■ **Instructions to follow**: Since the listing below shows pictures, leave them out and write out exactly the lines from the line with "Potenza RF Microneedling for Acne Scarring" to the line with "Tuse în adenoizi", both included, and no others.

■ **Data records**:
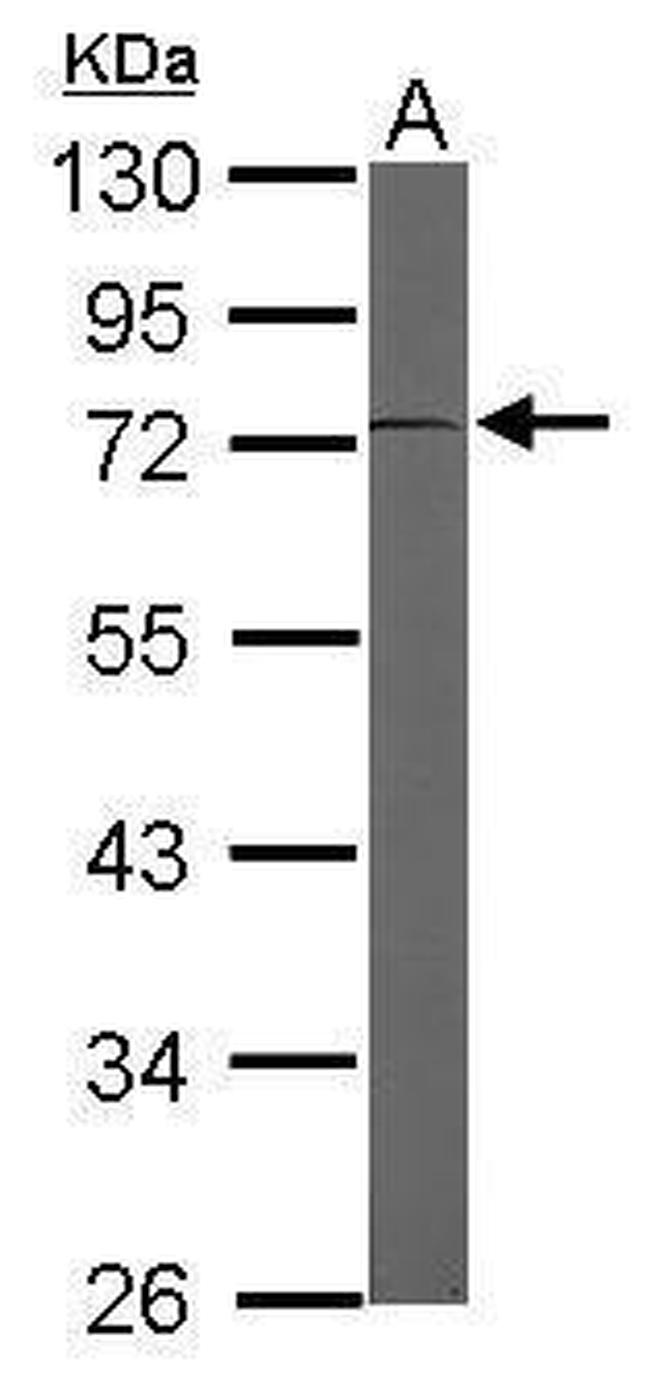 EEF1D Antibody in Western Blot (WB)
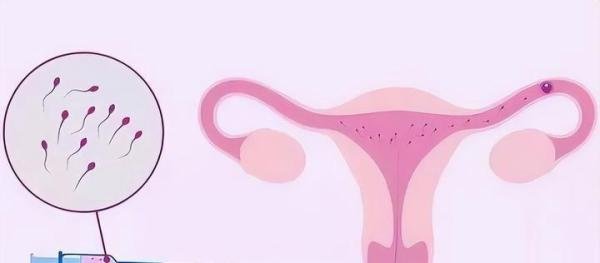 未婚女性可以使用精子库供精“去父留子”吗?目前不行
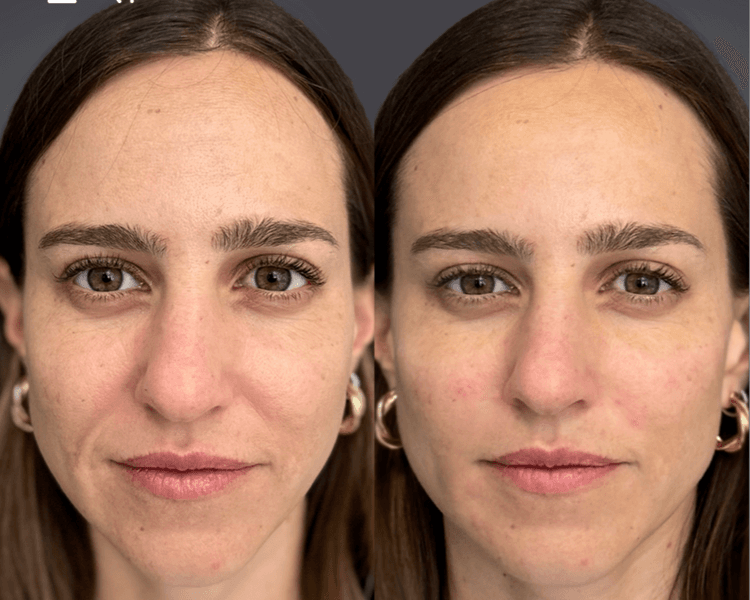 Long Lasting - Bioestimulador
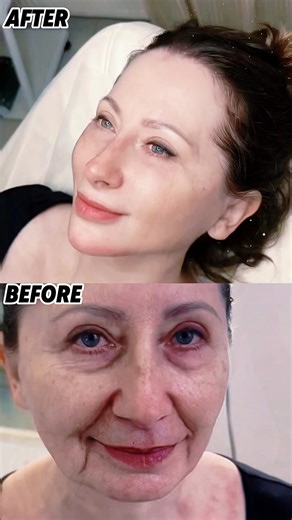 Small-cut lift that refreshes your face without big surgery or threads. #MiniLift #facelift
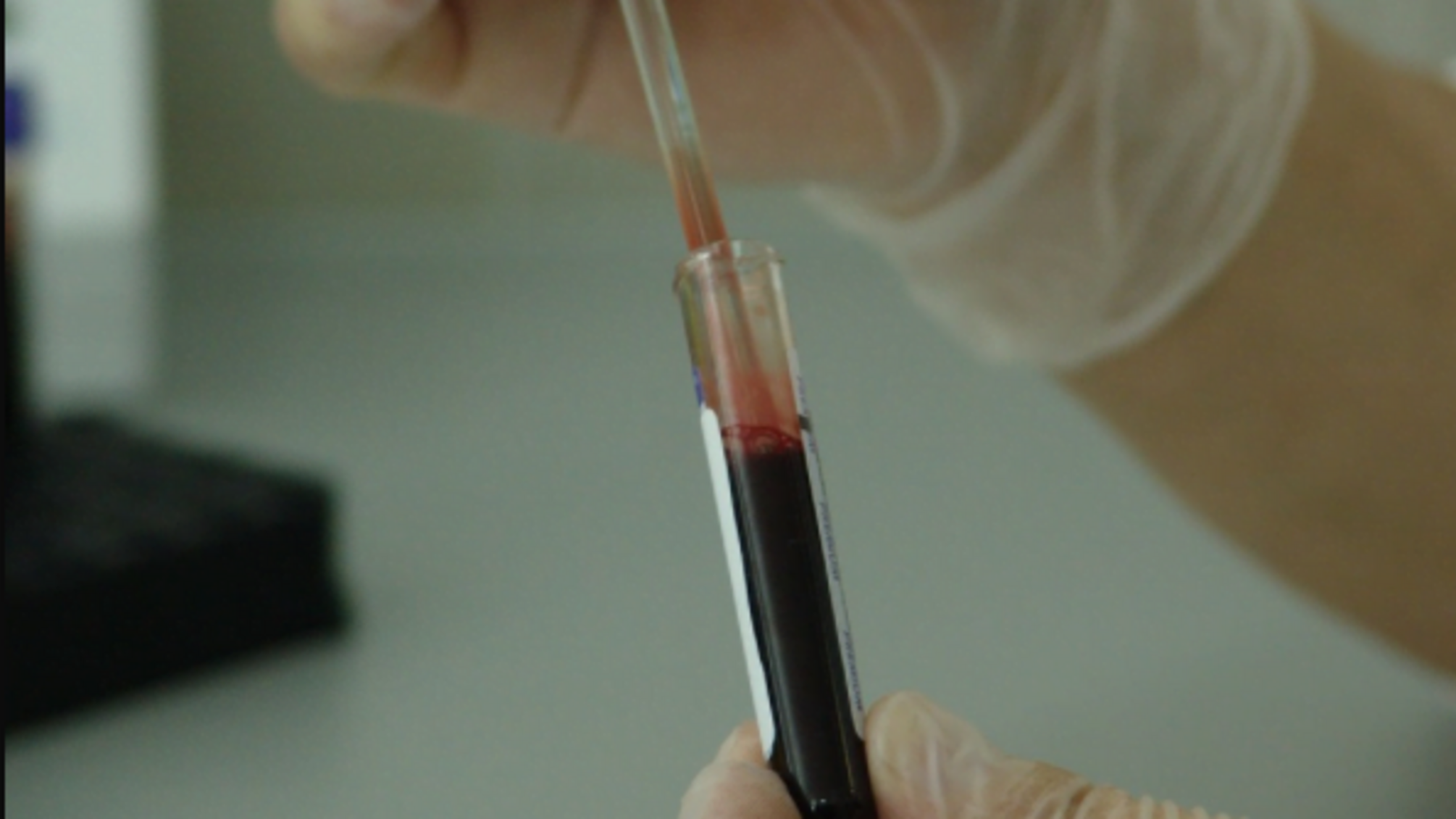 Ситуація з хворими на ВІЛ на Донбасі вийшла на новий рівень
...
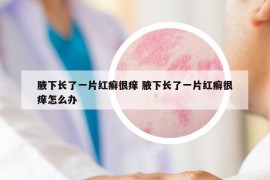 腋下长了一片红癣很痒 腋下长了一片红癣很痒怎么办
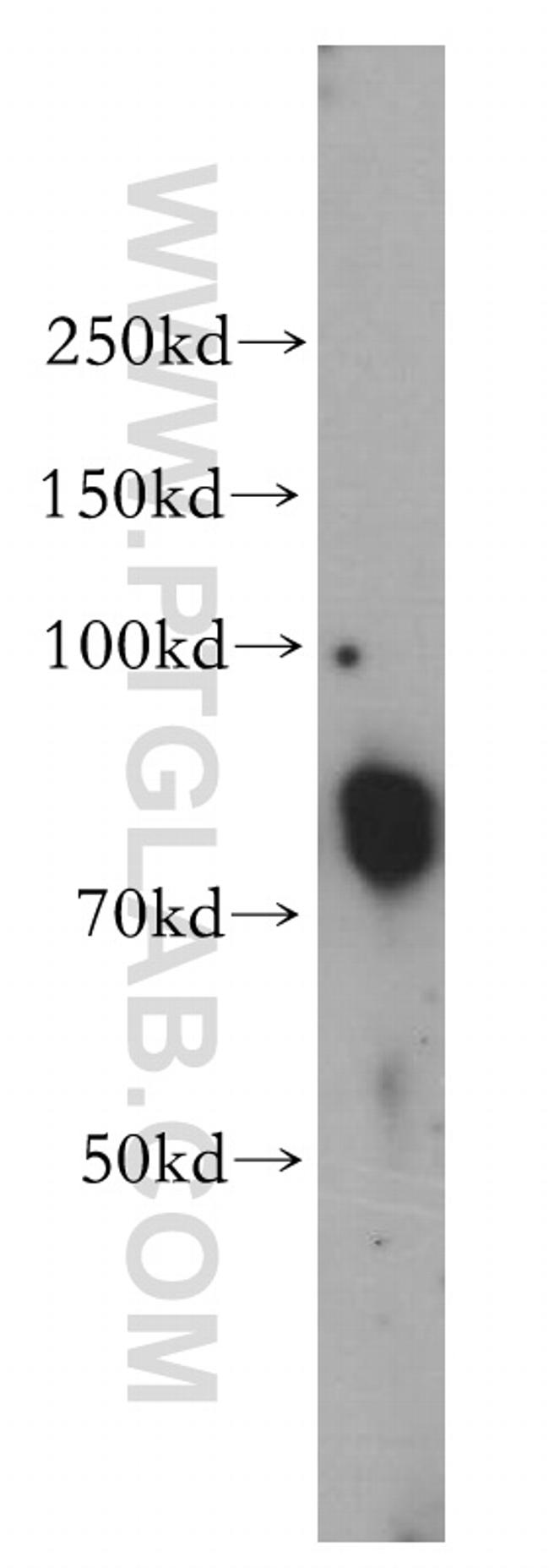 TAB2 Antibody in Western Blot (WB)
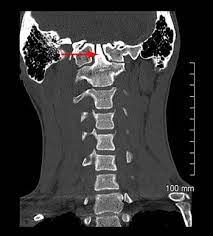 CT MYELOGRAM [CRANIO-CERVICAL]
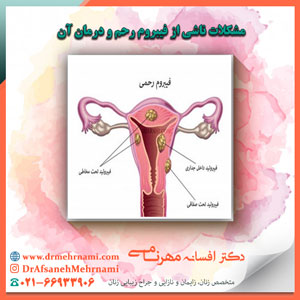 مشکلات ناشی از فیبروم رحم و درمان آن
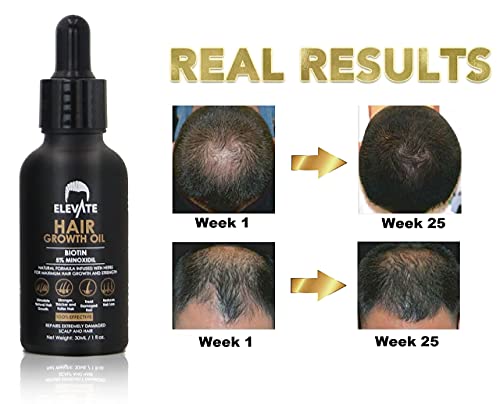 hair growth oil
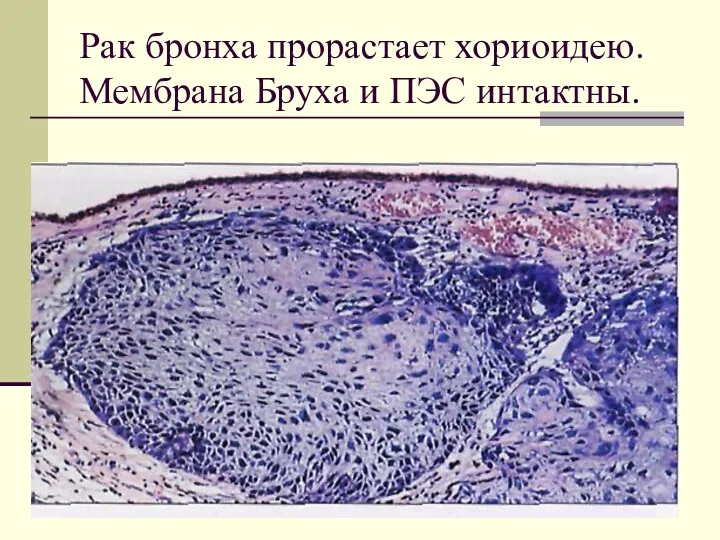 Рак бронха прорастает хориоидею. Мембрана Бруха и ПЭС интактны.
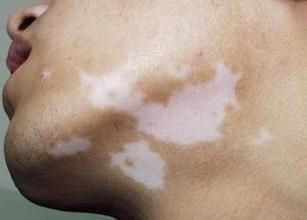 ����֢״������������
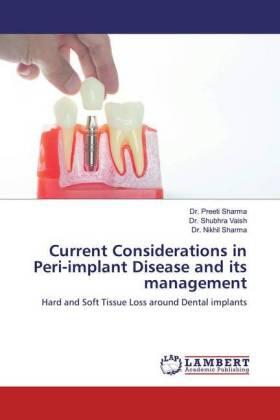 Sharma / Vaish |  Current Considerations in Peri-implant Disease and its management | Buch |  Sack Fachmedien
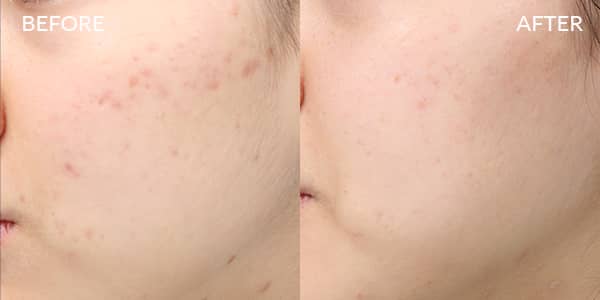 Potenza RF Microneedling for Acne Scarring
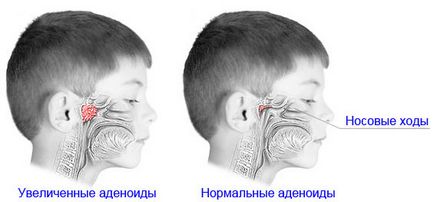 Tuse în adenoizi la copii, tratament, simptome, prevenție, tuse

■ **Result of this task**:
 Potenza RF Microneedling for Acne Scarring
 Tuse în adenoizi la copii, tratament, simptome, prevenție, tuse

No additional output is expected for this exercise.